Great article. Whom are you using for engraving these tools
Hi Wayne. The engraving was designed by Jenny Bower. And we (with much tribulation) got our CNC mill to engrave it smoothly.
One of those 14,000 copies sits next to my sharpening station. It really is a handy book. Perfect size, too. Ironically, the book that Chris never wanted to write is the one that everyone else wanted him to write.
I only wish I had discovered LAP a tad earlier. I really, really wish I could buy the book that Chris wishes he never printed: the “Book of Plates”. Any chance anyone who bought multiples back in ’19 wants to share … ?

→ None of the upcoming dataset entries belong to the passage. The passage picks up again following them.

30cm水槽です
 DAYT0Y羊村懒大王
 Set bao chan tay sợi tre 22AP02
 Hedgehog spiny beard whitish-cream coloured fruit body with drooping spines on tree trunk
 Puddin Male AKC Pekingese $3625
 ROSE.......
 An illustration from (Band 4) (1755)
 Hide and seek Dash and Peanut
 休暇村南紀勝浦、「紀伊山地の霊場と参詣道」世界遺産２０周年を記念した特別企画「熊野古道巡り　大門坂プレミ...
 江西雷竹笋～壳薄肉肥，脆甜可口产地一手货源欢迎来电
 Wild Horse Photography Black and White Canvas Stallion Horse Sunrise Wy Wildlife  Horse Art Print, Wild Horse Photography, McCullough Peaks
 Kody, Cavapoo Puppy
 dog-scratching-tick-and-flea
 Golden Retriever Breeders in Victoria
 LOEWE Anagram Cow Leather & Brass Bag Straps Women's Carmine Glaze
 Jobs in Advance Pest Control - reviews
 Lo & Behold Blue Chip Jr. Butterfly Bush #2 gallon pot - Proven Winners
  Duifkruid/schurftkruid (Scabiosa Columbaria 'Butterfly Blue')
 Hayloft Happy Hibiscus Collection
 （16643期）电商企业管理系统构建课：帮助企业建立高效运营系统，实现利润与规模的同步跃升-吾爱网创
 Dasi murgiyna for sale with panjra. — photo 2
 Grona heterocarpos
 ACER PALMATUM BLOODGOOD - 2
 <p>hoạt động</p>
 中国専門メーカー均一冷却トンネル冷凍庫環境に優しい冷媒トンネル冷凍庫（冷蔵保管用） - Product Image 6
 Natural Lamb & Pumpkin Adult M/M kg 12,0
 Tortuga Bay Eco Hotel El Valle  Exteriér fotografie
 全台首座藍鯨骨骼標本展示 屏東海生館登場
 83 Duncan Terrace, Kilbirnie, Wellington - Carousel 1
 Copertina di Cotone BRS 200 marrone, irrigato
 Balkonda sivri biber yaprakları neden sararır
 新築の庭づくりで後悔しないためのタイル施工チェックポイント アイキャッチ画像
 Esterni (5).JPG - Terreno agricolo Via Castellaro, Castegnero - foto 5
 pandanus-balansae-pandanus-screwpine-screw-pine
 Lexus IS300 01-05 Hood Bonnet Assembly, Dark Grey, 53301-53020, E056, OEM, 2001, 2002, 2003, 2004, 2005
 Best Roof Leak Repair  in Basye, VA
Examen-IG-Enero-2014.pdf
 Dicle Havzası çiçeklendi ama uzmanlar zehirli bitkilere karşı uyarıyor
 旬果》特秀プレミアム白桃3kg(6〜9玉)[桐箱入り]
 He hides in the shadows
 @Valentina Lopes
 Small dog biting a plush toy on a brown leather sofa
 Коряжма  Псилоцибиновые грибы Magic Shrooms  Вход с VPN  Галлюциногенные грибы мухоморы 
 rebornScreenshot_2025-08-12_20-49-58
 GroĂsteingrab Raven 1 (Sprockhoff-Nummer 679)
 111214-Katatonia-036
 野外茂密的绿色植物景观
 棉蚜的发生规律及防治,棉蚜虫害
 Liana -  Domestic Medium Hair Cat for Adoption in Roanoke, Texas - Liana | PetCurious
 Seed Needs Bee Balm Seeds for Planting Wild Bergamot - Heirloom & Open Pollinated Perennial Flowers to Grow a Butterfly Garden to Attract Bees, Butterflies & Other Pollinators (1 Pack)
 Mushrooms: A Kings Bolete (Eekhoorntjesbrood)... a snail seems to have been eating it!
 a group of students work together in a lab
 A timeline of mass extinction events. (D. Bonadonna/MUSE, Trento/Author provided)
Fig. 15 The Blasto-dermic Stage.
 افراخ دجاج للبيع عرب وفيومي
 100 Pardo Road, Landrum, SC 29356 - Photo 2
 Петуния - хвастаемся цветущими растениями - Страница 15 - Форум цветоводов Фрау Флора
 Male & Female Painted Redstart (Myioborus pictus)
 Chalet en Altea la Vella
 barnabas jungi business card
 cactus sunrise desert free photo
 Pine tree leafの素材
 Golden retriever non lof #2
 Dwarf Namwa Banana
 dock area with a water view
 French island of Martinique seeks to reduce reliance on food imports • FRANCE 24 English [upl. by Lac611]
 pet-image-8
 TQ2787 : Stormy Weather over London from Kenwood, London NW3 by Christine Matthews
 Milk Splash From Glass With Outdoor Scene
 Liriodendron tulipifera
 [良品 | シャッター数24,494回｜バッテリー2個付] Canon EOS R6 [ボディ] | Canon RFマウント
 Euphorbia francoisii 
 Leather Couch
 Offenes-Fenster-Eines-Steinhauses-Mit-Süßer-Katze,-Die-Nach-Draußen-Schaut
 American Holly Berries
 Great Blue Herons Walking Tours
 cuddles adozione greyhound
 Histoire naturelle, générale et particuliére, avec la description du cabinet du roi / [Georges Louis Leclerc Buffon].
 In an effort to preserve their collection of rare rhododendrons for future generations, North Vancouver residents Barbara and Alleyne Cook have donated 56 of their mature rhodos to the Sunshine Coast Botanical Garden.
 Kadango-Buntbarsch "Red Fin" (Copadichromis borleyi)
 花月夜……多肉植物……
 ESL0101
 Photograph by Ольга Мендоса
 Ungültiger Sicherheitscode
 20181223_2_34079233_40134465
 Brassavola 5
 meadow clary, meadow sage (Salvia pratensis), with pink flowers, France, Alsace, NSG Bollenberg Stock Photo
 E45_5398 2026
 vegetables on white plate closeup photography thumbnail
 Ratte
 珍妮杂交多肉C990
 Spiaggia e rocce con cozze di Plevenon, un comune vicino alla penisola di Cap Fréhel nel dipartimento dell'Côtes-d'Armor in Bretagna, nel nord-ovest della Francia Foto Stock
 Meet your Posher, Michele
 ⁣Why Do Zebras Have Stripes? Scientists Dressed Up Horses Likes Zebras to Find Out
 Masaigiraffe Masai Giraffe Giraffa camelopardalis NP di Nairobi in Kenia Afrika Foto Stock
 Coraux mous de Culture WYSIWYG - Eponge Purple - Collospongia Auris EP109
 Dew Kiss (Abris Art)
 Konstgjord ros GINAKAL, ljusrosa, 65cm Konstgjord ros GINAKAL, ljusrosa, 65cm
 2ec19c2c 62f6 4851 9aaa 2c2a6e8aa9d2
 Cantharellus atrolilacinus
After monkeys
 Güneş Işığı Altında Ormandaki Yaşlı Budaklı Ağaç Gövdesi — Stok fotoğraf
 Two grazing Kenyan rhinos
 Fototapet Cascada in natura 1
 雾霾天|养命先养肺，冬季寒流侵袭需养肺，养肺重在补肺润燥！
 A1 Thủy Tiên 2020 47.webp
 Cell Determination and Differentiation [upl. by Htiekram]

There is a special edition Roubo book that i wish would have come out in about 2 years so i coupd afford it
Hi Louise, I have a copy I would be willing to sell you. Interested?
Yes! Shoot me an email with more details.
How difficult is it to drill more holes into the long part of the brass? Sort of like a speed square or a marking gauge for curved edges. Say, at 1/4″ intervals, for example to mark the spindle deck on a chair seat blank that is already cut out.
Easy. Brass is like a slightly hard but consistent wood. (Ipe is harder to drill into.) Make a centerpunch mark where you want to drill. Use a twist at low speed. You probably don’t even need to use lubricant with brass.
“You probably don’t even need to use lubricant . . . ” Boy, that phrase has gotten me into lots of trouble over the years.
Put a small blunt edge on the drill you use to prevent the drill from grabbing the brass on exiting the material. It is simple and there are plenty of diagrams and info on line. Mrpete222 probably has a good YouTube video showing the correct geometry for drill bits for use on brass.
Congratulations on Sharpen This. I wish I’d had this book 5, 10, 15 years ago. Not only would I have had sharper tools (and knives – the principles taught me more about knife sharpening than a thousand internet videos), but I’d have save a ton money on stuff that never got me any closer to “sharp”. Once again LAP rocks. Thanks!
All my tools are sharp. First time in 40 years. Thanks.
Haven’t read the book, but the video series is really great. I’ve been sharpening for a while and learned several new tricks. Some things you don’t even talk about, but I realized I’ve been doing in bone-headed way. For example, I never thought to wipe off the imbedded swarf with a shop towel. Is the book worth picking up if you’ve watched the videos?
Probably not? Hard for me to say. If your edges are sharp and you are happy, then skip the book.
I really enjoyed Sharpen This! and would not hesitate to recommend it to others. I think there’s an opportunity to talk about other sharpenable objects in another book if you wanted (saws, auger bits, etc) but maybe that’s at the point where far fewer people want the material and if they are willing to do it they are already figuring it out.
I can guarantee you would sell at least one more copy if you started international shipping options. Im from Israel and i dont have a local supplier. Sigh…
May I request, perhaps, a future blog entry- With regard to the centre square, I don’t seem to be able to get my head around your comment about bisecting on a curve. With the rounded bottom of the thick section, it looks like the blade could give an infinite number of lines across the curved work, so it’s hard to see where the accuracy comes from. What don’t I get?
“Once you understand that sharpening is merely polishing two surfaces until they have a zero radius intersection, you can sharpen anything.”
“He could sharpen an edge to separate a proton from its neutron, if needed.”
Those two statements, written well before “Sharpen This”, taken together comprise the fundamental key first-principle of all edge-tool sharpening. Everything else after that is tactics.
Hey Chris, what’s the reach of the smaller center square (bisecting an arm bow, for example)?
I just ordered Sharpen This, which I didn’t expect to be my first book from y’all. I’m very excited to get it!